EXERCISE INSTRUCTIONS → Only the line with "Online Video Conference" and the lines after it, through the end of the material, belong in the answer; repeat them exactly.

AVAILABLE DATA →
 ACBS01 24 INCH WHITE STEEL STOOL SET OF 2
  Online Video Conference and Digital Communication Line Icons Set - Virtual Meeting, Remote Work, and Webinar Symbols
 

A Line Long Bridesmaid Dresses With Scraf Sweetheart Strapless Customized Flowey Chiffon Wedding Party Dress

RESULT BELOW →
  Online Video Conference and Digital Communication Line Icons Set - Virtual Meeting, Remote Work, and Webinar Symbols
 

A Line Long Bridesmaid Dresses With Scraf Sweetheart Strapless Customized Flowey Chiffon Wedding Party Dress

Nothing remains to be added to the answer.